Return only the lines from the one that contains "Artificial String Of" through the last line of the records below, exactly as they stand. Pictures are not part of the copy.

Records to process Block Start

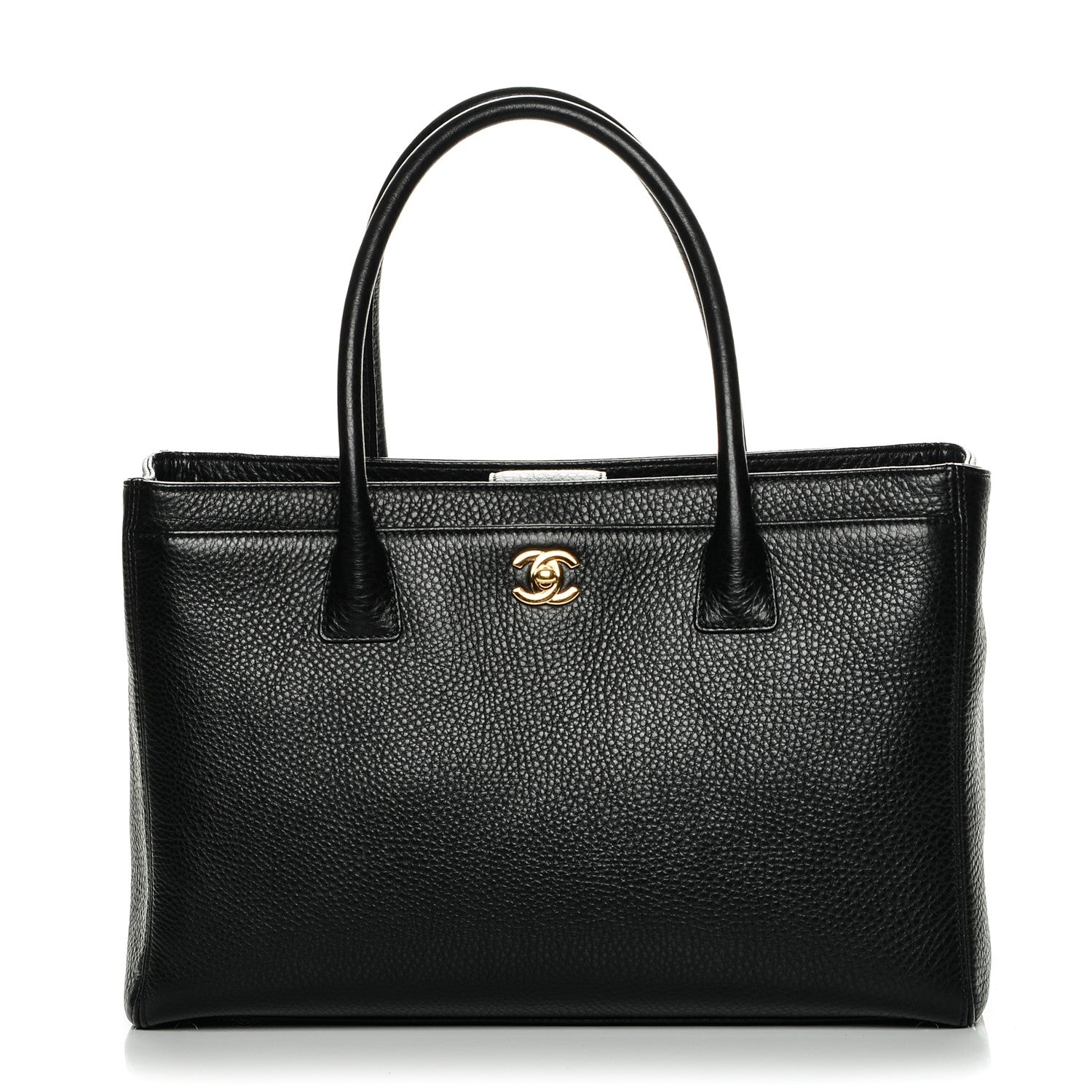 Chanel Calfskin Cerf Executive Shopper Tote Black 1 of 7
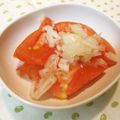 m@n@'s cooksnap of when they made トマトのさっぱりサラダ.。o○.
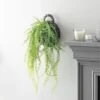 Artificial String Of Pearls In Black Hanging Wall Basket -Home Decoration 30718187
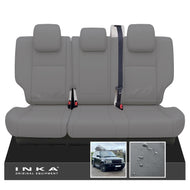 Range Rover SPORT L320 MK1 Rear Tailored Waterproof Seat Covers with Center Armrest Grey MY05-13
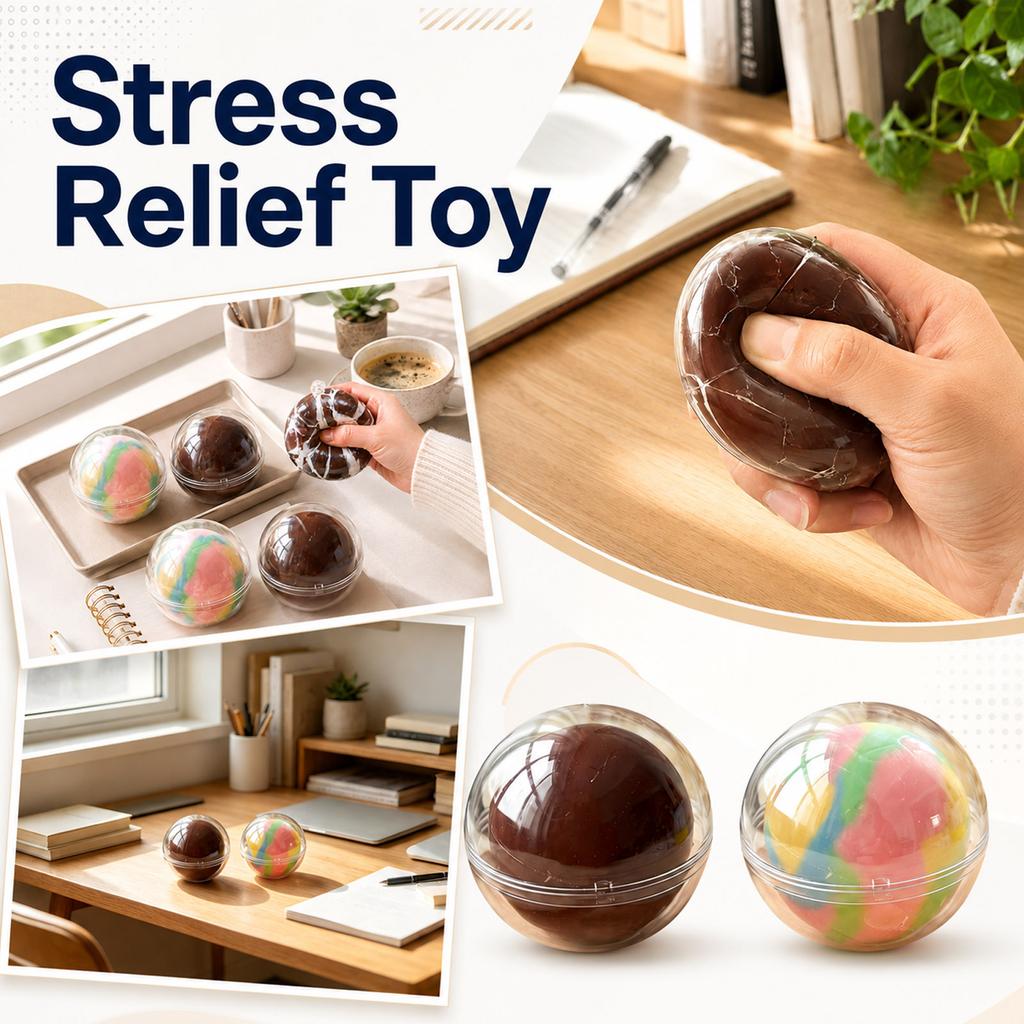 Handmade Soft Squeeze Ball Sensory Toy Durable Stress Relief Fidget Toy for Anxiety and Focus Development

Records to process Block End

### Result for this exercise
 Artificial String Of Pearls In Black Hanging Wall Basket -Home Decoration 30718187
 Range Rover SPORT L320 MK1 Rear Tailored Waterproof Seat Covers with Center Armrest Grey MY05-13
 Handmade Soft Squeeze Ball Sensory Toy Durable Stress Relief Fidget Toy for Anxiety and Focus Development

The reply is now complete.